Tag Archives: Nostalgia

Memories, Nostalgia and a Loss of Innocence

President John F. KennedyFall is a tough time of year for me. It’s a hard thing to admit, as so many people love the autumn change of season. For me, the loss of colour and beauty, as the trees shed their leaves, coupled with the darkness of shorter days, has always been personally challenging. The fall is also a constant reminder for me of where my health journey all began.

November 22, 1963. A day everyone remembers as the day John F. Kennedy was assassinated. The whole world mourned America’s “loss of innocence.” For me, it became a pivotal day. A day that changed my life — forever. As a world, we mourned a collective loss of innocence. That day, I experienced my own personal loss of innocence. A loss that would in many ways, inform the rest of my life.

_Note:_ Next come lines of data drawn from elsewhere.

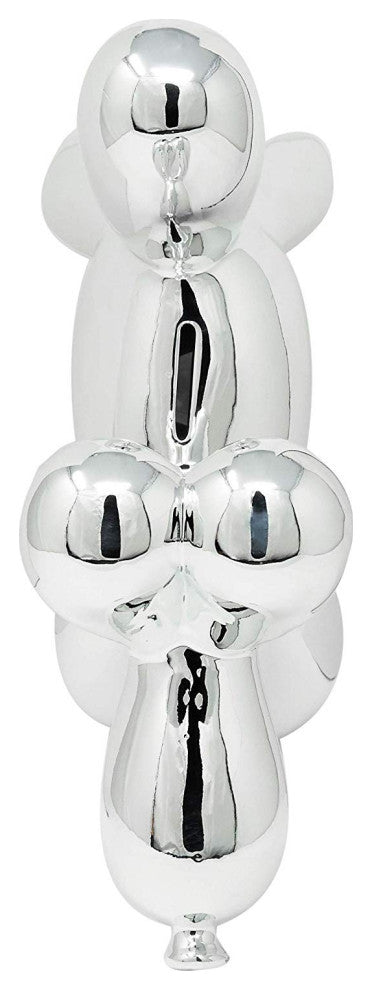 Interior Illusions Plus Ceramic Dog Piggy Bank - 12" tall, Silver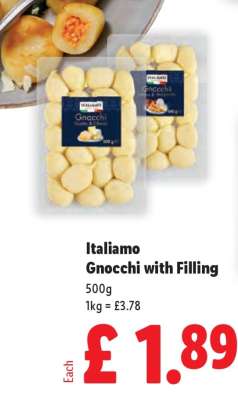 Italiano Gnocchi with Filling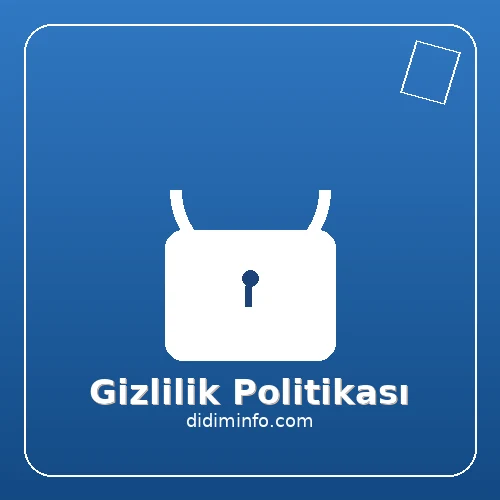 Gizlilik Politikası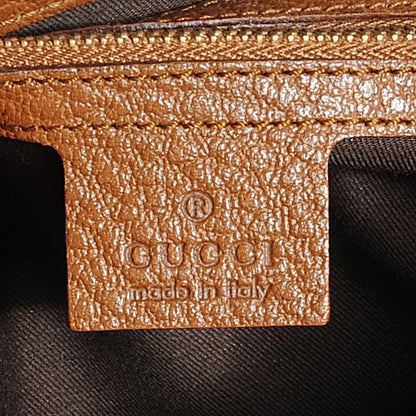 Gucci Leather Medium Bardot Brown 6 of 7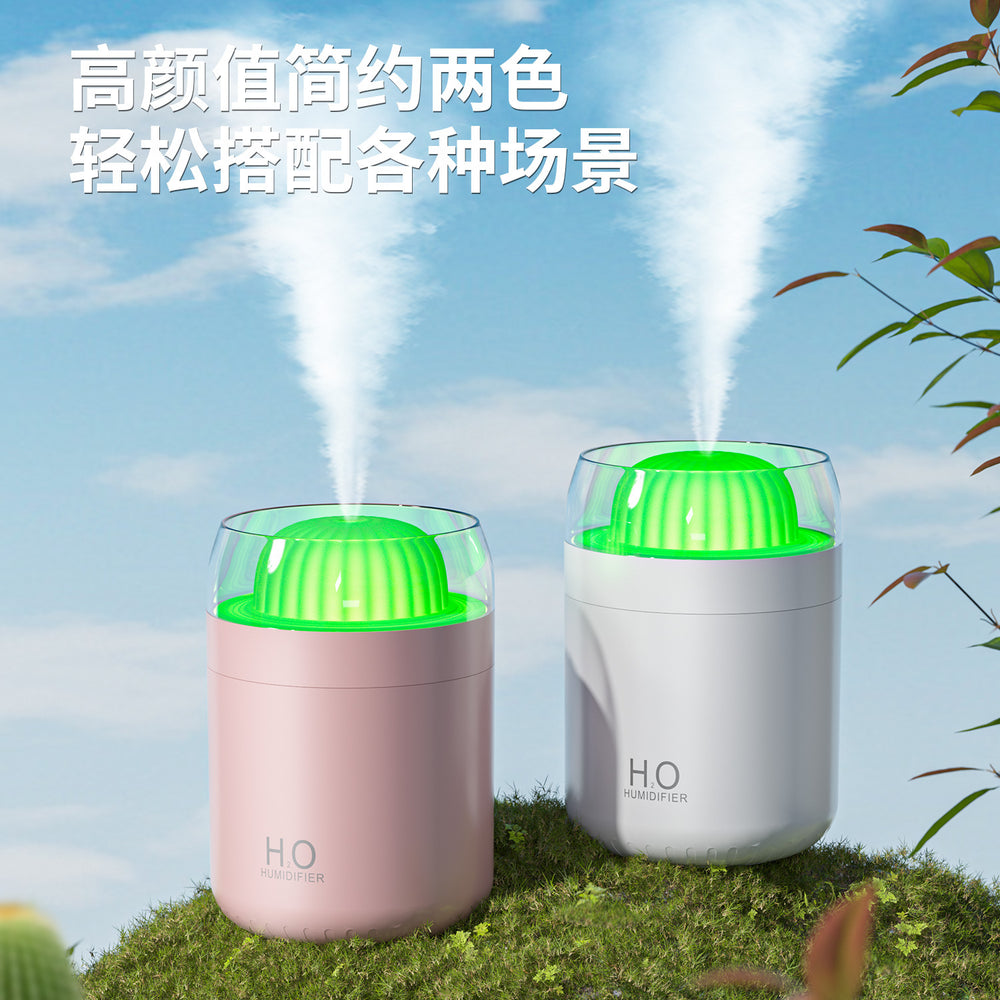 new cactus humidifier, car humidifier, desktop smart constant humidity usb automatic spray humidifier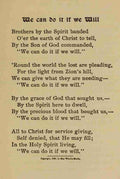 McGranahan James Jonathan & other Poems 1900 We can do it if we will A4 Photo Print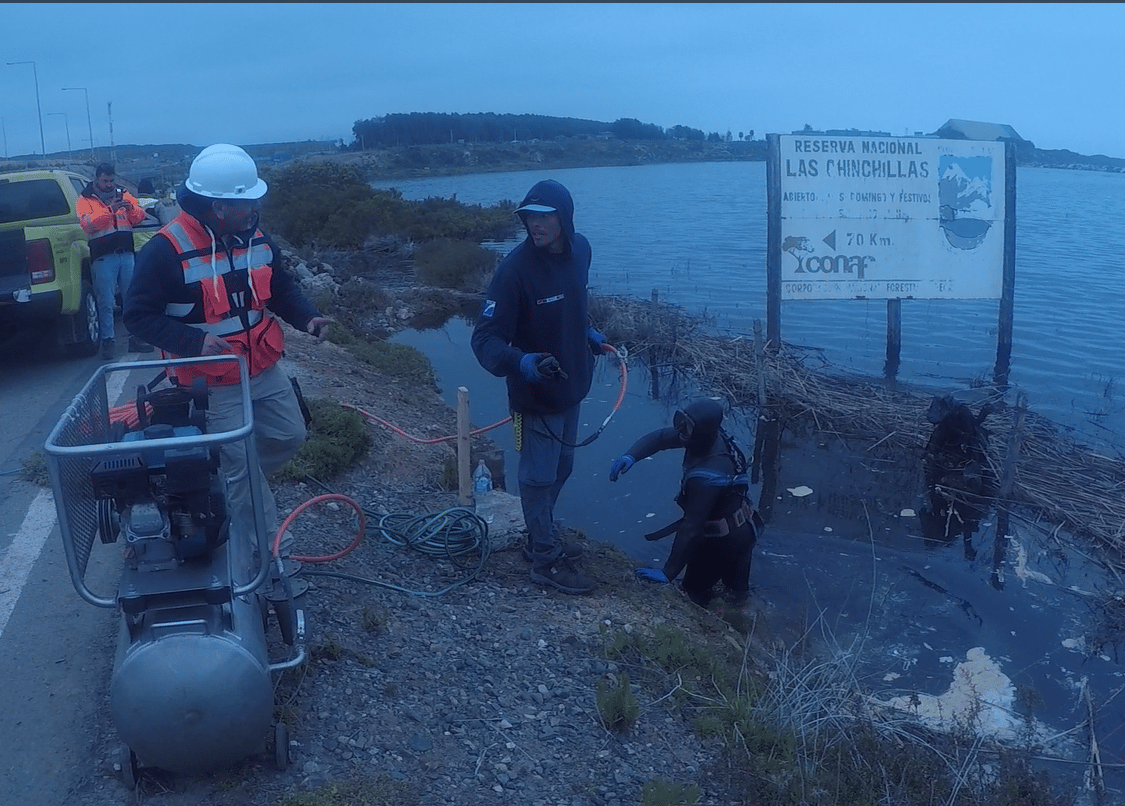 Inspección de emisarios submarinos.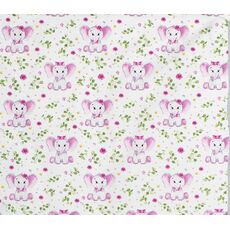 ΠΑΝΑ ΧΑΣΕΣ BEBE ELEPHANT 173 80Χ80 WHITE-PINK COTTON 100%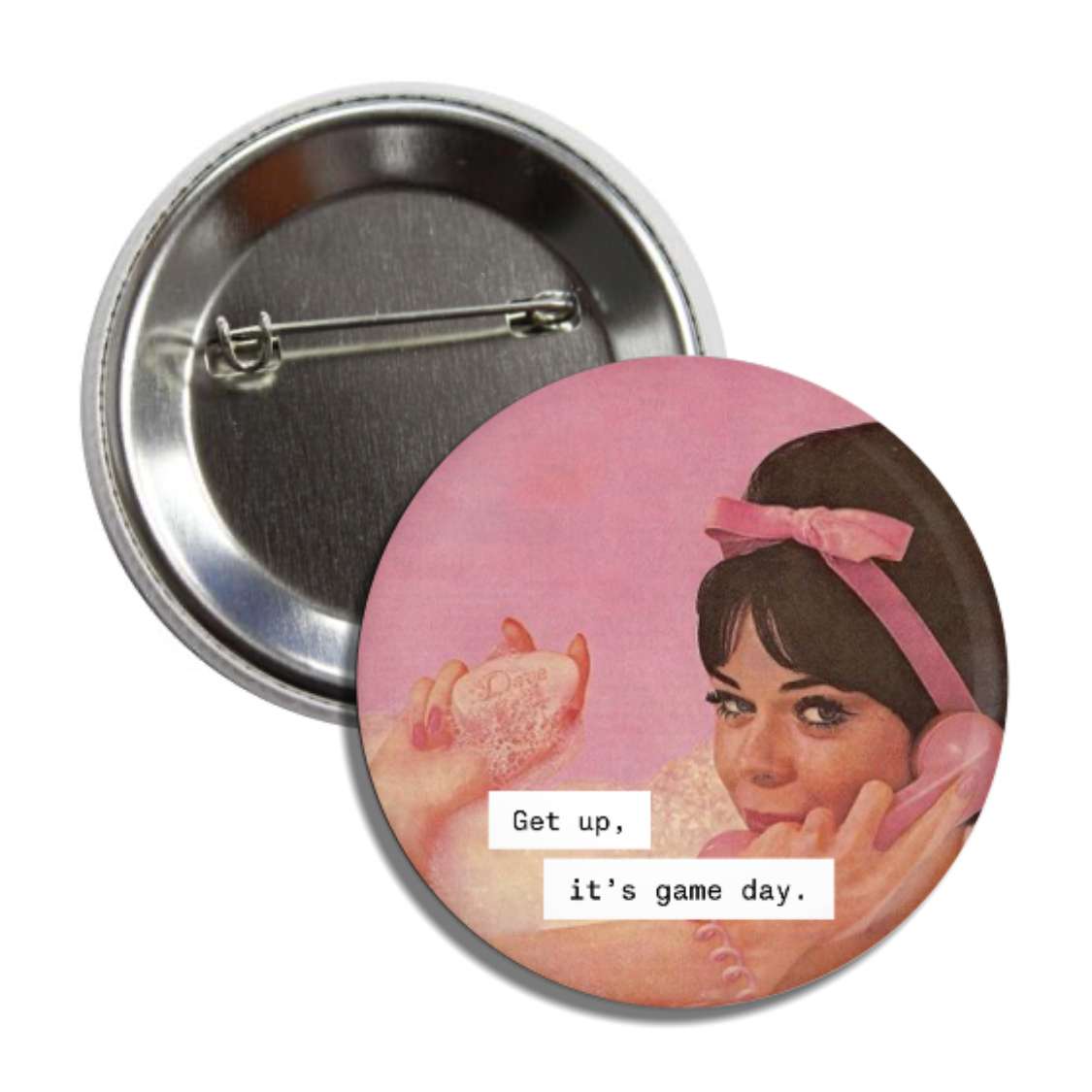 Game Day Button - Get Up Bath Time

As a junior high student, vice-president of the student council at the time, I’d been suffering for several years with undiagnosable health issues that had me subjected to doctor after doctor, test after test, with a predicted, yet unlikely, prognosis that I was a “perfectionist.” I was down to a shocking 85 pounds and was considered deathly ill. Although the perfectionist diagnosis was possibly the truth, it probably wasn’t a viable diagnosis for the physical symptoms. Through years of seeking and exploration, I know now, the two are absolutely connected.

On November 22, 1963, my father, Louis, picked me up from school and we talked about the loss of president Kennedy and what it meant to us all. It had only been briefly mentioned at school that day, from my memory. Perhaps that memory is lost forever, as my father then announced to me, with great relief in his voice, that the newest doctor I had been taken to finally found “something.” My large and small bowel had somehow twisted themselves in a huge knot, an unusual “never before seen” phenomenon, that was later written up in a prestigious medical journal.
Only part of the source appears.